**Action item**
Under this line are records; the part from the line containing "I am glad to" through the line containing "Welcome to Roughing" should be repeated exactly. Please exclude pictures.
··· Listed records ···
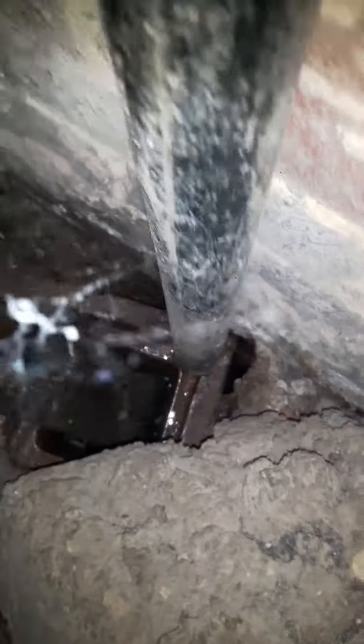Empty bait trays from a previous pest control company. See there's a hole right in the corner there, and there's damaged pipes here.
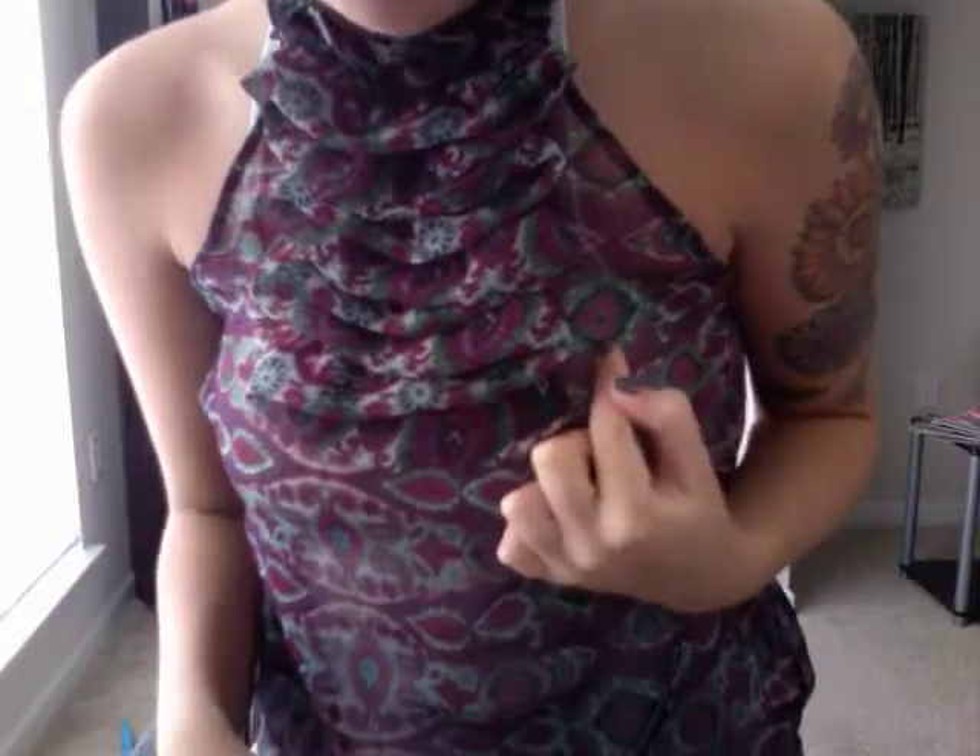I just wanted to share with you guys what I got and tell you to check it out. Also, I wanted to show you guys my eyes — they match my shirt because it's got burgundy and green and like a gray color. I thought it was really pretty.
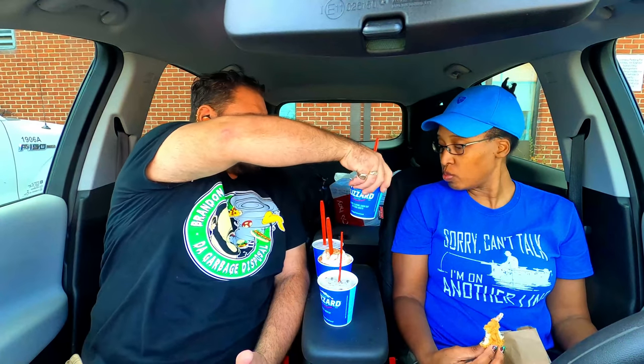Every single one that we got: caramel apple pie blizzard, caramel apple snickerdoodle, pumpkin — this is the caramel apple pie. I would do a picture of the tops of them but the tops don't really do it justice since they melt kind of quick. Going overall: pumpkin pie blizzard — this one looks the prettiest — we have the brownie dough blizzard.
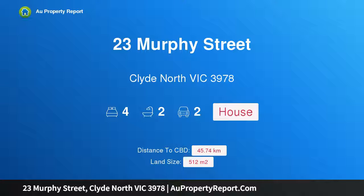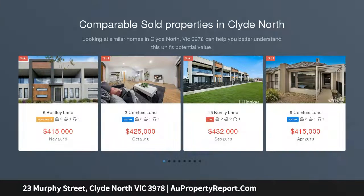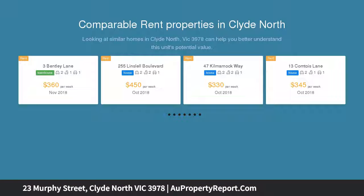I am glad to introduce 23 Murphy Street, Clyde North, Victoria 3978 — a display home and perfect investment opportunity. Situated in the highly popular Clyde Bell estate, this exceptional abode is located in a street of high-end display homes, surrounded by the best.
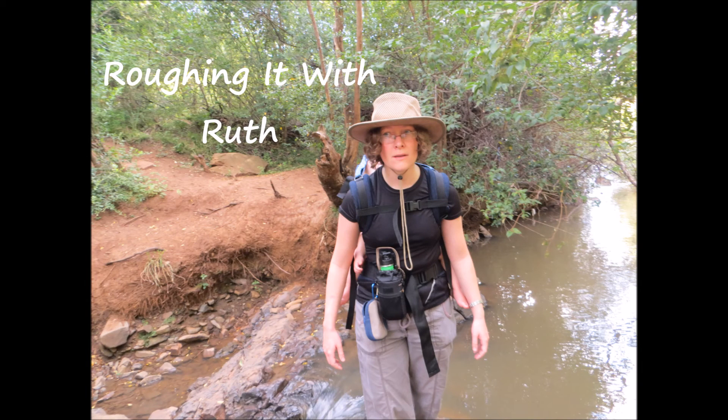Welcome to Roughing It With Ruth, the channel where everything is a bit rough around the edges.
···
··· Listed records ···
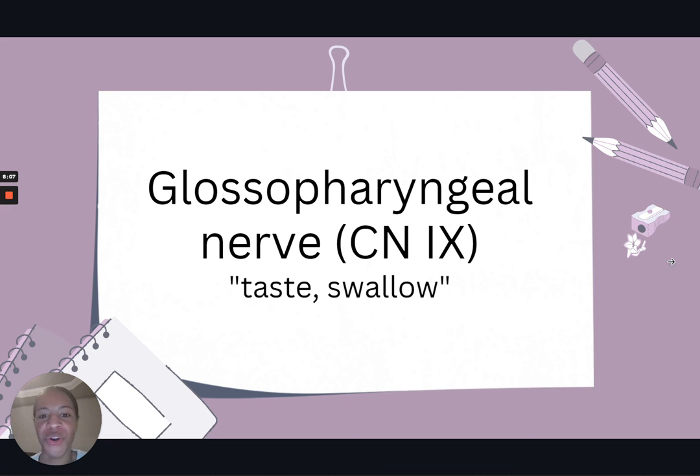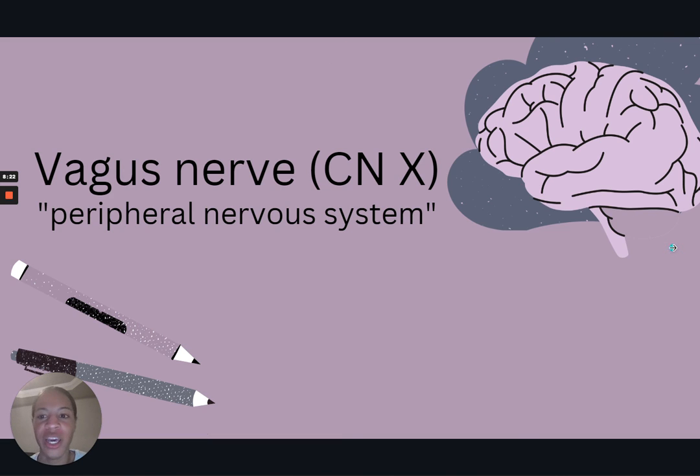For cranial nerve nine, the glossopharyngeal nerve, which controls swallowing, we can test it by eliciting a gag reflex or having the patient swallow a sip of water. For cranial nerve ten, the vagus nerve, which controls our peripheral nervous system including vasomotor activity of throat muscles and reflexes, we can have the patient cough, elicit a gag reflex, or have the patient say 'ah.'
···
**Completed exercise**
I am glad to introduce 23 Murphy Street, Clyde North, Victoria 3978 — a display home and perfect investment opportunity. Situated in the highly popular Clyde Bell estate, this exceptional abode is located in a street of high-end display homes, surrounded by the best.
Welcome to Roughing It With Ruth, the channel where everything is a bit rough around the edges.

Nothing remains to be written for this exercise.